● **Source material**

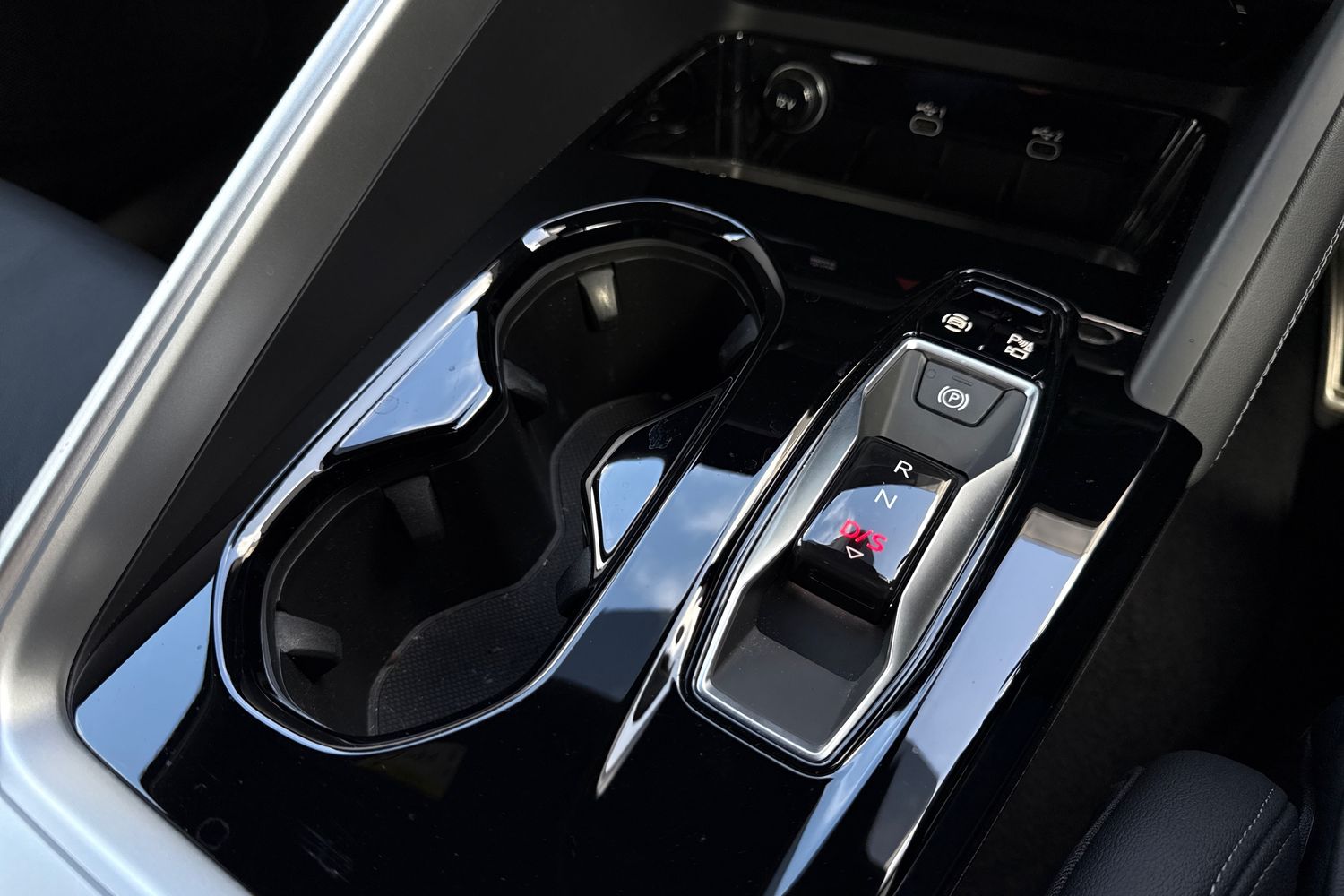 Used Audi Q5 2025 for sale - 78069920: Photo 23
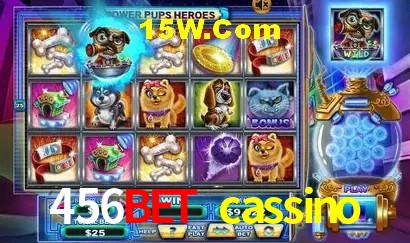 baixar 456bet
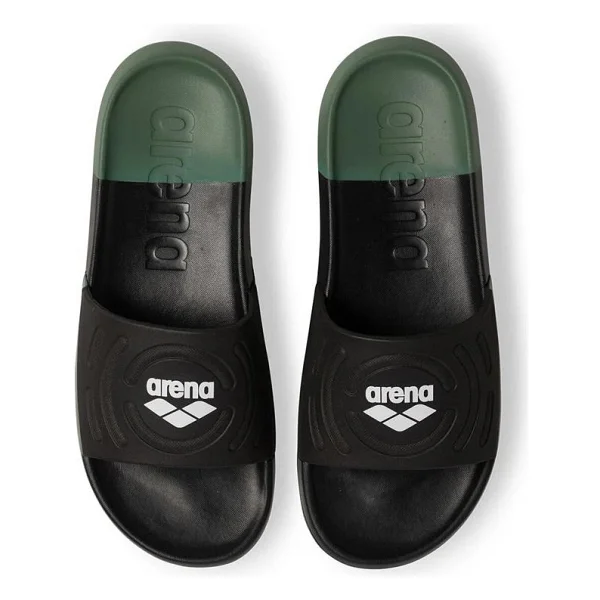 Arena Urban Active 009277 Terlik - Görsel 5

● **Task prompt**
Could the listing above be printed again in full, with every picture omitted?

● **Exercise output**
 Used Audi Q5 2025 for sale - 78069920: Photo 23
 baixar 456bet
 Arena Urban Active 009277 Terlik - Görsel 5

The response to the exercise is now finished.